I ended up with very mixed feelings about this game.
The first half was terrific. You are David Walker, part of the Apollo 19 moon landing, but an encounter with a “bright light” kills everyone but you. You attempt to contact Houston, and the next thing you know you wake up … somewhere. It appears to be a wrecked cabin, suitably decorated with dead bodies, one distinctly alien. In fact, the big floating globe suggests the whole place is alien.
So the first part of the game is involved in finding out where you are and what the hell is going on. You have to pull switches and press buttons to activate all manner of alien technology, dodge and outwit sophisticated security devices, avoid the odd firefight, crawl through the air ducts (it wouldn’t be a truly alien experience if you didn’t have to crawl through an air duct) and only once deal with a timed sequence - not an unreasonable one given that a security drone is after you.

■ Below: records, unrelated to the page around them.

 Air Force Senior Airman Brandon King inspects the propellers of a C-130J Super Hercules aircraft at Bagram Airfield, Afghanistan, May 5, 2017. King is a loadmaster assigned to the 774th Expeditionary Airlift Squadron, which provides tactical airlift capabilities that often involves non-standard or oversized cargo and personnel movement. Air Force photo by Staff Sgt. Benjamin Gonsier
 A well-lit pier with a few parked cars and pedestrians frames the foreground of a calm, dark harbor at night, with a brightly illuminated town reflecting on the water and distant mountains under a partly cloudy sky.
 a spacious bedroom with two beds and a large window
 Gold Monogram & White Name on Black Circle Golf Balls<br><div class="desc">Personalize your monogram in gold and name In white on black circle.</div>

There are lots of puzzles, all revolving around the technology, and they were well fitted into the game. How else do you work out what is going on in an alien base if you don’t press and pull and fiddle? Only once did I think that the answer defied logic - generally, I felt confident of picking at the problem till I worked it out.
The game is third person point and click animated, and the graphics are excellent. It felt and looked sci-fi. There is a mysterious story in there too, revolving around long dead races, alien technologies, abductions and The Ward. So far so good.

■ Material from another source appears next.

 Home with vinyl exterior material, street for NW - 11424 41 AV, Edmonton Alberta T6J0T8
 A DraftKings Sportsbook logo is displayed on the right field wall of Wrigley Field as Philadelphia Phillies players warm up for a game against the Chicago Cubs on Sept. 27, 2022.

But the second half left me distinctly frustrated. By the end I had reached for Witchen’s walkthru just to see how it finished.
The contrast between the two halves is extraordinary. Apart from one encounter with an alien faction in the first half, you are on your own. No interaction, no dialogue, just lots of poking around. The second half however ends up feeling like one big dialogue tree. Not just lots of characters, but lots of dialogue. You have to read it all, and there is vast amounts of it. I have never taken so many notes. Great slabs of information are imparted, then you have to do something or find the right person to generate the next big slab.

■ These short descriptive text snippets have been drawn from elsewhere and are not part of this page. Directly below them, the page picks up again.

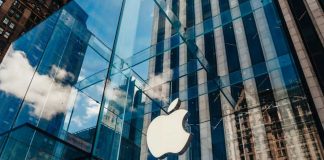 Apple store with glass facade and city reflections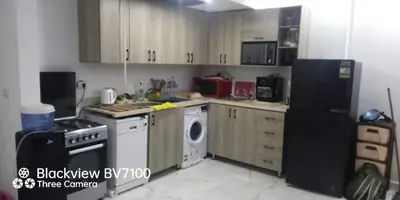 a kitchen with a refrigerator and a stove and a dishwasher at Fanadir Bay Elnoras213 Hurghada in Hurghada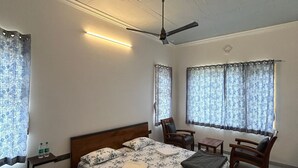 Ein Schlafzimmer mit einem Bett, zwei Stühlen, einem kleinen Tisch und einem Deckenventilator.
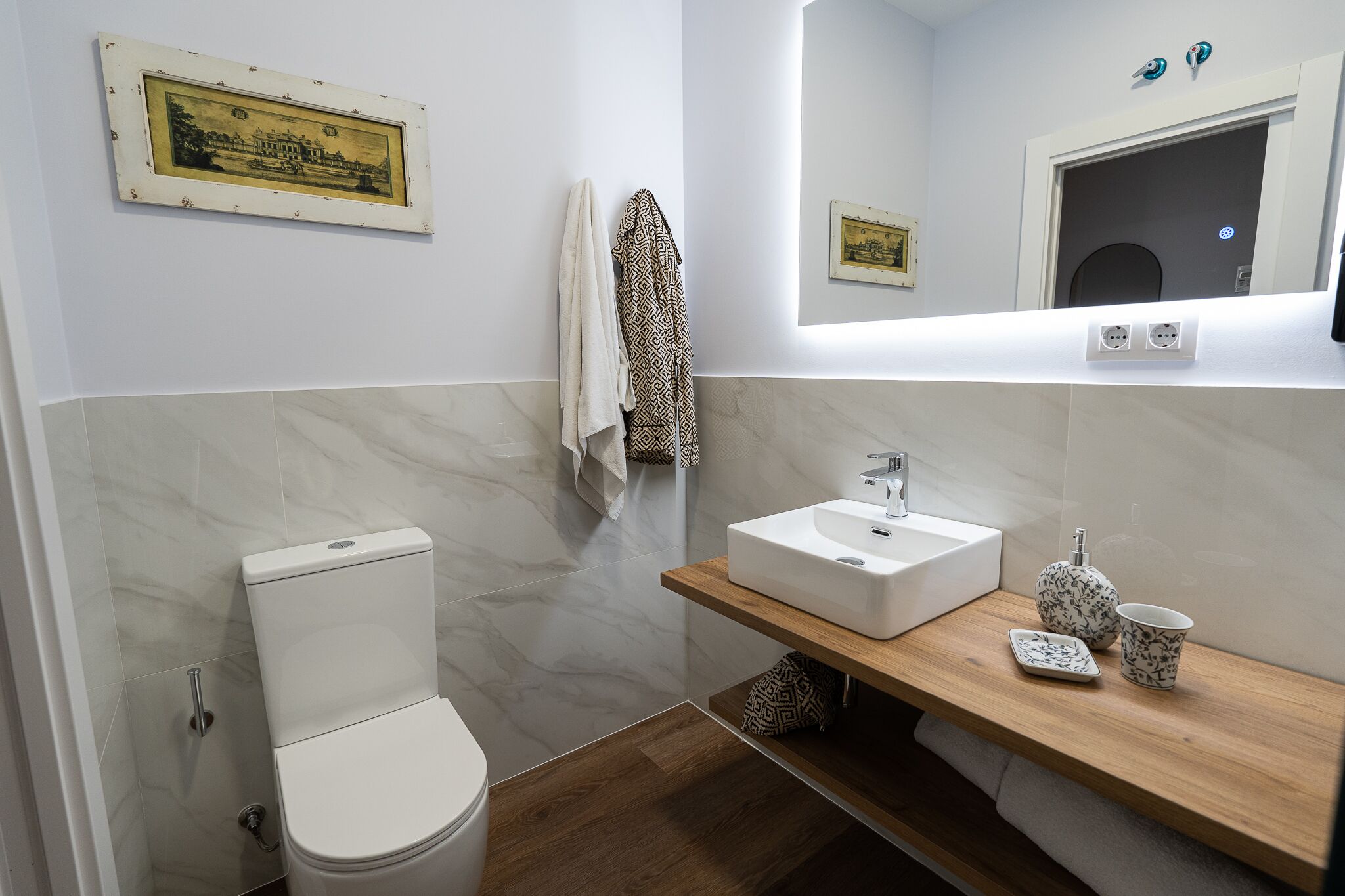 Un baño moderno con inodoro, lavamanos y tocador de madera.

And the puzzles become somewhat diabolical. Sliders abound, including one which is part of a timed sequence. There are timed sequences all over the place, made all the more unnerving by the clock ticking down in the top left corner. Except for the ones where you don’t know you are being timed until you die. And the convoluted sequence of events at the end (which it seems if you don’t do in the right order, or fast enough for the game, ends up killing you) was what drove me to the walkthru.
It is also rather unbalanced. You spend a huge amount of time (and dialogue) to advance the plot a small amount, then a cut scene takes the plot a quantum leap forward in 1 minute flat.
You can skip the sliders by playing in easy mode (the game will solve it for you), and a walkthru will get you through most of the timed puzzles (although one at least you must be fleet of finger to achieve). But you will still need lots of perseverance to get to the end.
Overall, the sum of the parts was a bit disappointing, more so because of the great start. But if you want a challenge, and can cope with dying, (and writing) give it a go, particularly if you are a sci-fi fan. The plot, the look, and the feel will sustain you for a very long way in this game.
[This message has been edited by flotsam (edited 05-28-2001).]